Other programs are said to be recorded with CCI = 0x03 ("copy never"). MRV does not function with them either.

It is, however, not clear to me how these forum posters can tell whether CCI is 0x02 or 0x03 on a given program. If, on the TiVo itself, you bring up the program information for a given recording and then press Info on the remote, you see a list of things that (for copy-protected programs) includes this advisory notice:

Due to policy set by the copyright holder, this program cannot be transferred to VCR, DVD, or any other media device. To learn more, visit www.tivo.com/copyprotection.

To me, this sounds like CCI = 0x03, not CCI = 0x02.

At any rate, virtually every program received over such channels as HBO HD, Showtime HD, and other premium high-def channels on my Comcast cable system won't MRV, because they're copy protected.

It gets worse. I have found that certain series on non-premium cable channels either have all of their episodes copy protected, or just some of them! For example, "Hex" on BBC America allows some of its episodes to be copied (or, presumably, MRV'ed), while other episodes are copy protected.

It's not clear whether the offending CCI flag bits come from BBC America or Comcast. It's possible BBC America sets them sometimes, but not always, while it's equally possible that Comcast is the one that is inconsistently slapping them on, for reasons known only to Comcast.

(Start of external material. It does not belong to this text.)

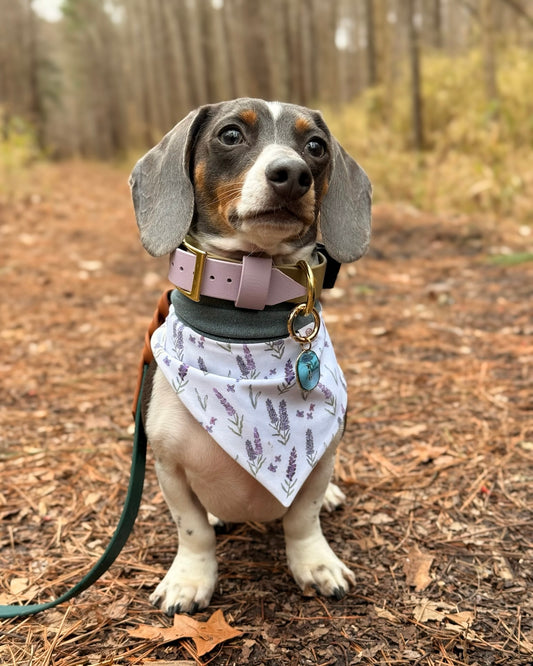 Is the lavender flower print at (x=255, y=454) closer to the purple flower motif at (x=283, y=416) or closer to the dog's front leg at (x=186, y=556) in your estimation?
the purple flower motif at (x=283, y=416)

There don't seem to be any rules about when CCI copy-protection flagging is allowed and when it is not — except that there's supposedly a rule prohibiting cable companies from copy protecting programs taken from local broadcast channels. For what it's worth, my cable company seems to be adhering to that rule.

So, to sum up, I'm looking forward to having a second TiVo and being able to transfer programs from my first TiVo to it and vice versa, but I'm annoyed that I can't MRV anything that is marked as copy protected — even though I think there ought to be a way to move rather than copy an original recording from one TiVo to the other!